Léonora Miano, geboren in Kamerun, lebt und schreibt zwischen den Kontinenten: in Frankreich und in Togo. Ihre mehr als zwanzig Romane, Theaterstücke und Essays wurden mit zahlreichen Preisen ausgezeichnet, u.a. mit dem Prix Goncourt, dem Prix Seligmann, dem Prix Femina sowie dem Grand Prix du roman métis.

Kürzlich ist in der Debatte über das Verhältnis der Geschlechter zueinander der Begriff des »dekonstruierten Mannes« aufgetaucht und hat unterschiedliche Reaktionen ausgelöst. Was man auch von dem Ausdruck halten mag, er legt jedenfalls nahe, dass es eine Männlichkeit geben könnte, die nicht allein unaggressiv, sondern auch bemüht ist, den Schaden wiedergutzumachen, den die Vorherrschaft der Männer angerichtet hat. Könnte nicht ähnlich auch mit dem Weißsein verfahren werden, also der Selbstdefinition, die die Westeuropäer sich ausgedacht haben, als sie mit vielen anderen Völkerschaften in Kontakt traten? Kann man sich noch einfach aufgrund einer Konvention »weiß« nennen, ohne damit auch auf die Geschichte Bezug zu nehmen, in der diese Kategorie entstanden ist? Kann man trotz dieser Geschichte einfach aufhören, weiß zu sein, und für sich in jeder Lage in Anspruch nehmen, ein einzigartiges Individuum zu sein (was anderen oft verwehrt wird)? Vor allem diese Fragen werde ich zum Abschluss meines Essays beantworten, nachdem ich untersucht habe, was »weiß« zu sein bedeutet und wie und was es bewirkt.
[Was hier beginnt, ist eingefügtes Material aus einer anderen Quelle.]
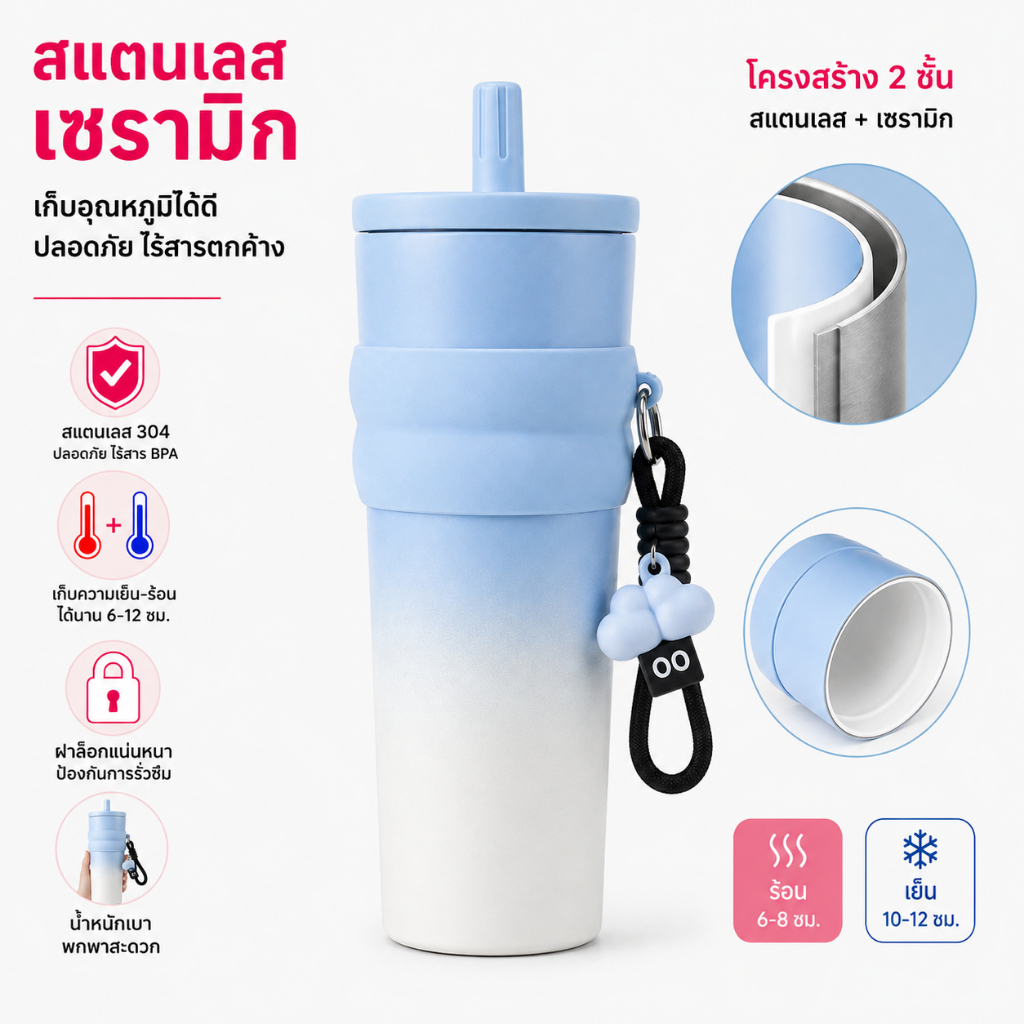 แก้วเก็บควาเย็น สีล้วน แก้วเก็บความร้อน-เย็น8-12 ชม มาพร้อมฝาขนาด 20 ออนซ์ ฟรี ฝา พร้อมส่ง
Was ich hier vorbringe, ist keine akademische Arbeit. Studien zum Weißsein, auch als »weiße Identität« bezeichnet, sind zuerst vor einigen Jahrzehnten in der anglophonen westlichen Welt entstanden.
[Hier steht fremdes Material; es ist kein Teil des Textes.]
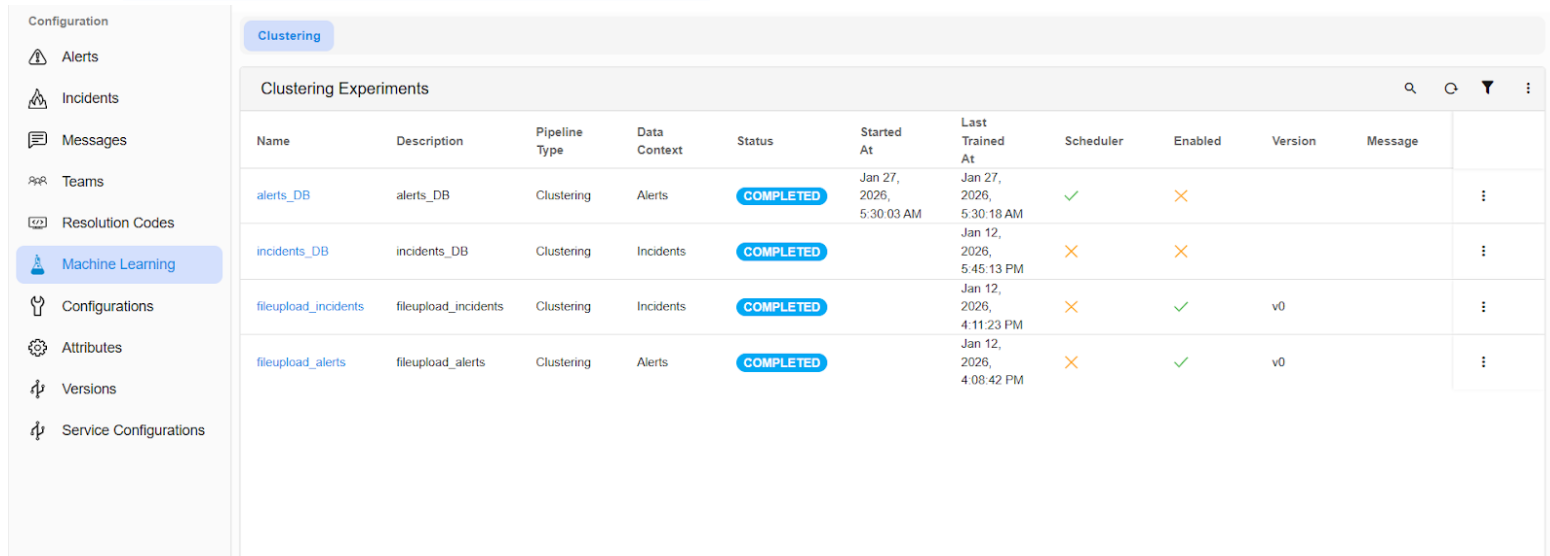 Machine Learning Page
Wenn derartige Untersuchungen in den französischsprachigen westlichen Ländern auch mit einer gewissen Vorsicht betrachtet worden sind, werden sie jedoch auch hier betrieben. Ich werde empirisch vorgehen. Auch wenn der Bezug auf verschiedene Lektüren naheliegt, werde ich lieber amerikanische oder französische Filme anführen, die für das Kino, öfter aber für das Fernsehen entstanden sind. Diese populären Fiktionen sind ohne größere Kosten zugänglich, denn die meisten Haushalte verfügen über einen Fernseher. Die Dinge ändern sich derzeit, doch lange Zeit hatte das Fernsehen großen Einfluss auf die Vorstellungswelt der Menschen. Ich kann mich daran erinnern, in meinen jungen Jahren eine ungewöhnliche Zahl an Fernsehfilmen oder Features gesehen zu haben, die sich mit der Geschichte der Vereinigten Staaten befassten. Ohne dass ich vorher daran gedacht hätte, werden Szenen aus diesen Produktionen meinen Text illustrieren. Aber ich fand es wichtig, auch französische Filme hinzuzuziehen, um meine Argumentation weniger einseitig zu machen. Man muss sie übrigens gar nicht alle gesehen haben; sie steuern nur den ethnographischen Stoff bei. Diese fiktiven Erzählungen erweisen sich als eine reiche Quelle von Informationen, die jemand Einzelnes nicht ohne Weiteres preisgegeben hätte. Im Übrigen zeigen diese Produktionen, die von unterschiedlichen Epochen erzählen, auch – ohne dass dies unbedingt ihr Ziel gewesen wäre –, wie das Konzept des Weißseins funktioniert.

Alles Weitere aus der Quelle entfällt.